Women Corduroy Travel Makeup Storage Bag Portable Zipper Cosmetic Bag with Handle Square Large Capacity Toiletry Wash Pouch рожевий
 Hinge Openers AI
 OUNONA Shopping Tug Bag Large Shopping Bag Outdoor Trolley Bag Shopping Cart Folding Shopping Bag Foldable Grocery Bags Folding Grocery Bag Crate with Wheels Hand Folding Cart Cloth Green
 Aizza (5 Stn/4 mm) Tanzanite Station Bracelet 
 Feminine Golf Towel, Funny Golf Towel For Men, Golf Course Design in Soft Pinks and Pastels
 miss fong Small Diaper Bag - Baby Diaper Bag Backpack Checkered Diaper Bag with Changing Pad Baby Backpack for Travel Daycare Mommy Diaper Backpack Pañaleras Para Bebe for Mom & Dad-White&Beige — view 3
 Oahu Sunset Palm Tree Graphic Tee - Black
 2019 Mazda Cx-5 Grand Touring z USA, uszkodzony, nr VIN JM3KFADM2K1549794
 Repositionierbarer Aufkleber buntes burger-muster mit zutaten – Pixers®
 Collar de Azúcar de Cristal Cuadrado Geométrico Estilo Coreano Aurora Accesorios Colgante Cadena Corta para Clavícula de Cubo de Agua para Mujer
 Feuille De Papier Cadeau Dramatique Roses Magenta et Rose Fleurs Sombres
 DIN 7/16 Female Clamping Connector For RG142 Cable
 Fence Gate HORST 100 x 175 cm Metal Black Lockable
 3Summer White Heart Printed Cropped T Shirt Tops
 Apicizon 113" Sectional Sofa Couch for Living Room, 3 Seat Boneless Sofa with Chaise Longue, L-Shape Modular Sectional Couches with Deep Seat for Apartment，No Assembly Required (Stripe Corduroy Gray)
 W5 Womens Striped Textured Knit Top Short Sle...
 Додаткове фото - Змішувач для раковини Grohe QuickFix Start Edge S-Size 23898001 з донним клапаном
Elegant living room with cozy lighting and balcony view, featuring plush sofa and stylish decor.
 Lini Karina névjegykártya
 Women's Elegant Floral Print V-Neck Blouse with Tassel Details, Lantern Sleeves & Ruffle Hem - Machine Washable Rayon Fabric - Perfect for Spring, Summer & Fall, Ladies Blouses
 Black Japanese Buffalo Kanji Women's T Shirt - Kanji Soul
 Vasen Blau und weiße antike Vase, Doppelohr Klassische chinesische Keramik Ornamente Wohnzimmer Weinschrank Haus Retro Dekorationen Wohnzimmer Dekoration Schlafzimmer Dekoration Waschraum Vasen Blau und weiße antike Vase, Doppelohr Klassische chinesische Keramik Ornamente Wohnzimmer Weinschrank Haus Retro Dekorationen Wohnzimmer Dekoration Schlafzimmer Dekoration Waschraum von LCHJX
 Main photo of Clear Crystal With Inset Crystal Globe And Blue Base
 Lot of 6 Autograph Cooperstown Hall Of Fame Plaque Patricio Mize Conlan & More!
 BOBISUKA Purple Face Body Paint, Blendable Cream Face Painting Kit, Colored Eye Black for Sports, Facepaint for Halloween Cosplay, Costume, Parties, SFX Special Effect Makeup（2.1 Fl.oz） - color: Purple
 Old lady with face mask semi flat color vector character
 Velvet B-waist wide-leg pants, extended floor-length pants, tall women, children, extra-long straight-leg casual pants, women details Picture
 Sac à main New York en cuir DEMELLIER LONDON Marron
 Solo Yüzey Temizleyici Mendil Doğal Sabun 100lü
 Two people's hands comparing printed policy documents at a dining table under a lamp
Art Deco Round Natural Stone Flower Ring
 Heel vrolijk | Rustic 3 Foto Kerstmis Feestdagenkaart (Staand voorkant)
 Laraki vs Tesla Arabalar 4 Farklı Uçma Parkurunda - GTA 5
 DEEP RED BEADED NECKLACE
--
■ **ACTIVITY**: Repeat the material exactly. Begin with its first line and end with the line that has "Feminine Golf Towel, Funny".

■ **OUTPUT FOR THIS EXERCISE**:
Women Corduroy Travel Makeup Storage Bag Portable Zipper Cosmetic Bag with Handle Square Large Capacity Toiletry Wash Pouch рожевий
 Hinge Openers AI
 OUNONA Shopping Tug Bag Large Shopping Bag Outdoor Trolley Bag Shopping Cart Folding Shopping Bag Foldable Grocery Bags Folding Grocery Bag Crate with Wheels Hand Folding Cart Cloth Green
 Aizza (5 Stn/4 mm) Tanzanite Station Bracelet 
 Feminine Golf Towel, Funny Golf Towel For Men, Golf Course Design in Soft Pinks and Pastels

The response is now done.